- Problem to solve:
A faithful repeat of all the records, with no image kept, is the required answer.

+ + +

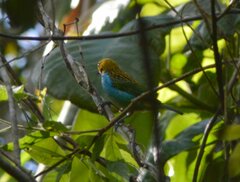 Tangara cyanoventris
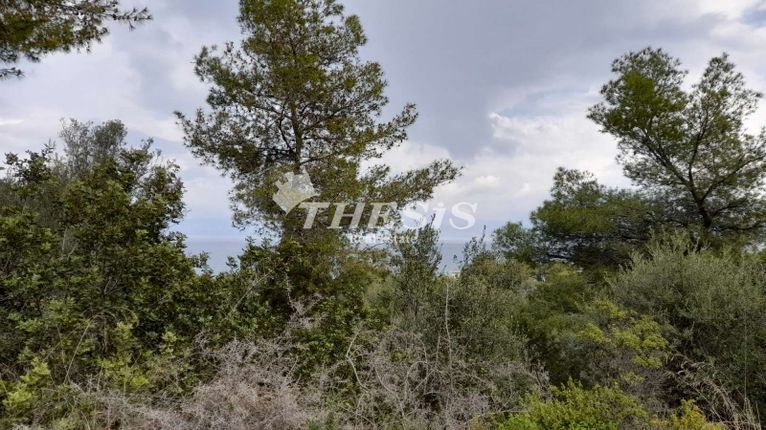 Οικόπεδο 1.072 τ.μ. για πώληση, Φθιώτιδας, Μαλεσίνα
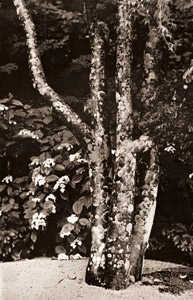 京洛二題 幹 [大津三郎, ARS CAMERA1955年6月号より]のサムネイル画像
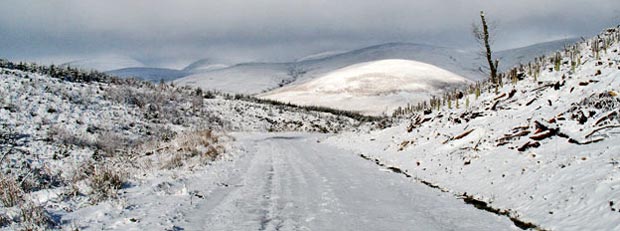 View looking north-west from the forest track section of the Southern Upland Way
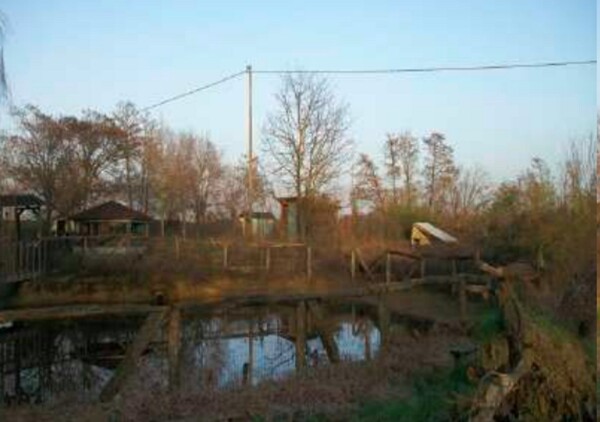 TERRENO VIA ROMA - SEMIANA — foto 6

+ + +

- Response to this exercise:
 Tangara cyanoventris
 Οικόπεδο 1.072 τ.μ. για πώληση, Φθιώτιδας, Μαλεσίνα
 京洛二題 幹 [大津三郎, ARS CAMERA1955年6月号より]のサムネイル画像
 View looking north-west from the forest track section of the Southern Upland Way
 TERRENO VIA ROMA - SEMIANA — foto 6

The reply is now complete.